Ele era um experimentador por excelência, cedo inventou a balança hidrostática. Gostava de criar mecanismos e métodos para avaliar as teorias que formulava e procurava interpretar essas teorias em linguagem matemática. Devido a essas atitudes anacrônicas, começou a incomodar os sábios de formação aristotélica.

Em 1592 foi lecionar em Pádua, necessitado que estava de um salário maior, por ter se tornado arrimo da família com a morte de seu pai. Nesta cidade uniu-se, sem se casar, provavelmente devido aos problemas financeiros, a Maria Gamba, com quem teve diversos filhos. Ensinava em suas aulas o sistema ptolomaico (geocêntrico), mas a cada dia ficava mais convencido de que Copérnico tinha razão, a Terra devia girar em torno do Sol e em torno de si mesma.

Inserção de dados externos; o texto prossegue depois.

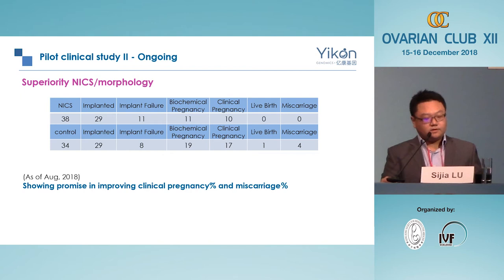There is another ongoing superiority pilot study comparing NICS versus morphology for embryo selection, with almost 40 patients in each arm. We have already seen a quite significant difference in miscarriage rate: in the NICS group, we have seen no miscarriage so far, while the morphology control group has already seen four miscarriages. The number is still small, but we continue to follow these patients. As of August 2018, we have shown promise in using non-invasive chromosome screening to improve clinical pregnancy rate and reduce miscarriage rate versus the morphology group.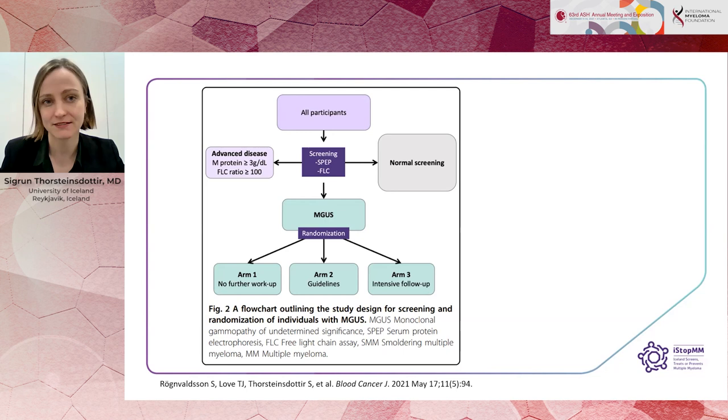In short, all participants over the age of 40 in Iceland were invited to participate in the ISTOP-MM Study, and were screened with a blood sample using serum protein electrophoresis and free light chain analysis. Those with an abnormal screening were randomized to one of three arms of the study.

Em Roma, em 1610, entra para a Academia do Lince, cujos membros consideravam-se “discípulos da Natureza, com a finalidade de admirar os fenômenos e procurar suas causas”. Orgulhoso do convite, passa a assinar Galileu Galilei Linceo. A Academia publica sua primeira obra, sobre as manchas solares, e a Inquisição começa a se preocupar com Galileu: escrevendo em italiano e não em latim, ele colocava mais um problema, pois assim suas idéias heréticas podiam se espalhar mais facilmente entre o povo.

Em 1616 a obra de Copérnico foi proibida e Galileu “convidado” a não mais divulgar suas idéias de heliocentrismo, sob pena de prisão. Manteve-se silencioso até a eleição do papa Urbano VIII lhe trazer certo alívio, pois, além do papa ser seu amigo e protetor, seu neto era membro da Academia. Encorajado pela nova situação, Galileu publicou o “Diálogo”, mas foi surpreendido pela reação papal: inicialmente autorizado, o livro acabou por ser apreendido e Galileu julgado e condenado a abjurar suas afirmações e à prisão domiciliar. Se não o fizesse, poderia ser condenado à morte.

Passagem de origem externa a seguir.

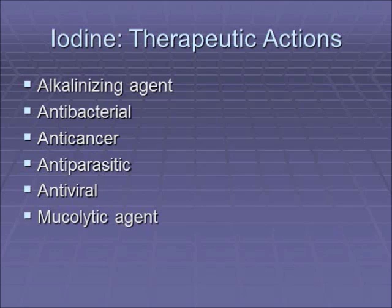At the turn of the century, around 1900, there were only a few things that bugs could not live in: hydrogen peroxide, alcohol, Listerine, and iodine. Iodine has been an antibacterial, antifungal, and antiviral agent. There are virtually no bugs on earth that can live in the presence of iodine. It has anti-cancer properties, antiparasitic, antiviral properties, and it's a mucolytic agent.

Galileu morreu nove anos depois, em 1642, numa vila toscana. Temendo a Igreja, sua família não o enterrou junto a seus antepassados, na Basílica da Santa Cruz. Em 1737, ainda contra a opinião eclesiástica, seus restos foram lá depositados por ordem das autoridades civis. O processo contra Galileu somente foi encerrado em 1992, 350 anos depois de sua morte, pelo papa João Paulo II, sem, porém, perdoá-lo da acusação de heresia.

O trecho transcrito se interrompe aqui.